“If you cannot see
istilleat
between the lines
allofmymeals
then your collected facts
witha
will never constitute
musselshell
knowledge.”
(Shaunna Oteka McCovey, Yurok/Karuk, 2005)
You can come to a place time and time again, year in and year out – as I’ve been coming to my getaway retreat in Humboldt County on California’s northwest coast for some thirty-five years – and not see for so long what a serendipitous experience suddenly makes obvious and impossible to ignore. My relationship with Big Lagoon first changed as a result of a personal tragedy. But it was my belated recognition of a social tragedy embedded in the landscape that triggered a journey that would become this book.

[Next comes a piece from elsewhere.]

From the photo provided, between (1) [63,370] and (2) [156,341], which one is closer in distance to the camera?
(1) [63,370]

Visiting Big Lagoon has always been a life-affirming experience for me, a place to slow down my citified pace and take small pleasures in the everyday. The Yurok refer to the lagoon as Oketo or Where It Is Calm, a name they give to any large body of enclosed water. Oketo seems especially appropriate for placid Big Lagoon, only a stone’s throw from the volatile Pacific Ocean. I typically escape here to luxuriate in the present. But out of the blue, about three years ago, I found myself propelled into the “cool sepulcher of the past” when I discovered that my bucolic hideaway was a short walk away from an unmarked Yurok cemetery that had been plundered early in the twentieth century.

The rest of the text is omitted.